Fortunately, these defects merely serve to strengthen our faith in Madame Kadmina's remarkable talent. Time and experience will no doubt smooth over these blemishes and give her interpretations that calm, artistic objectivity which distinguishes the greatest artists of the stage.

Madame Kadmina has a pure mezzo-soprano voice of a most agreeable and warm timbre – a voice that has, moreover, been trained very well and does great credit to the excellent method used by her teacher Madame Aleksandrova. If in addition to this we note that the débutante has strikingly good looks (which is a great advantage for any sort of stage activity), then it is understandable why the audience could not but respond enthusiastically to her first appearance on the stage. Madame Kadmina was rewarded with unanimous stormy applause.

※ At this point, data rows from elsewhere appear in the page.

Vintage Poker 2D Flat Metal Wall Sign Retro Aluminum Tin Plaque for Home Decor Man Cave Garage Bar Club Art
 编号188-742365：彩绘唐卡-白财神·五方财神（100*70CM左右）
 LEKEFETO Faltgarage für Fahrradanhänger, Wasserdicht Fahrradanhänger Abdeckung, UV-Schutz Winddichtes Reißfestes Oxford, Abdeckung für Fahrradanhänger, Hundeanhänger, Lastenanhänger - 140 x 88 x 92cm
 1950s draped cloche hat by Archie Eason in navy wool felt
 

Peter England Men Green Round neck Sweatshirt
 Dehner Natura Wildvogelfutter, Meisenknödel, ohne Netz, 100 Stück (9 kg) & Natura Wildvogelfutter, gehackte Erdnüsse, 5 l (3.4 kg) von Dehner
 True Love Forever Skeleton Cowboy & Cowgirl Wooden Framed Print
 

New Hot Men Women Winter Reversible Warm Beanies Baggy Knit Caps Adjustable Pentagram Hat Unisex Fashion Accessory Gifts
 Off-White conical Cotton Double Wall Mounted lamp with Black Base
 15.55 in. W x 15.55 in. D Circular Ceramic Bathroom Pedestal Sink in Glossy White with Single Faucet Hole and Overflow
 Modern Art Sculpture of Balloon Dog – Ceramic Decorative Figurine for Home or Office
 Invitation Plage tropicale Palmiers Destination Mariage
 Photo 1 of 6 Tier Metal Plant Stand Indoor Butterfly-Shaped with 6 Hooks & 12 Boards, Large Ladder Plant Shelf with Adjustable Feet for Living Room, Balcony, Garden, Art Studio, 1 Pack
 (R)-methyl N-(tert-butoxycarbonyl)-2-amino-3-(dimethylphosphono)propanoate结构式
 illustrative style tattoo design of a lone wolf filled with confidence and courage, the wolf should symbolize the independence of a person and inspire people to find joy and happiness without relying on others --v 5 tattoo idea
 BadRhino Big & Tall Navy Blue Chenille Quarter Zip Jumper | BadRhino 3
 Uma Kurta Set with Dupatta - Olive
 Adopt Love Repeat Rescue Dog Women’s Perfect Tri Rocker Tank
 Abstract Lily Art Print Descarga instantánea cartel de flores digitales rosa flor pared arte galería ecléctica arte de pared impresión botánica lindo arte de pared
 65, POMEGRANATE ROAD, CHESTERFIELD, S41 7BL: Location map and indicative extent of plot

Very soon Madame Kadmina will make a second début as Azucena in Verdi's Il Trovatore, and after that it is said that she will perform the role of the shepherd Lel in A. N. Ostrovsky's new play The Snow Maiden, for which rehearsals are already under way at the Bolshoi Theatre [3].

"B. L."


Notes and References

  1. Entitled 'A Musical Notice' in ČW. There are also two other articles with the same title dating from 1872 and 1874 (see TH 267 and TH 290).
  2. Yevlaliya Kadmina (1853–1881), Russian mezzo-soprano and actress whose tragic suicide by taking poison in the middle of a performance of a play inspired a number of literary and musical works, most notably Turgenev's late story Klara Milich (1882). Tchaikovsky, who greatly admired her talent, dedicated one of the Six Romances, Op. 28 to her in 1875.
  3. A few days after this review, Yevlaliya Kadmina would create the part of the shepherd Lel at the premiere of Aleksandr Ostrovsky's spring legend The Snow Maiden, with incidental music by Tchaikovsky, which took place at the Moscow Bolshoi Theatre on 11/23 May 1873.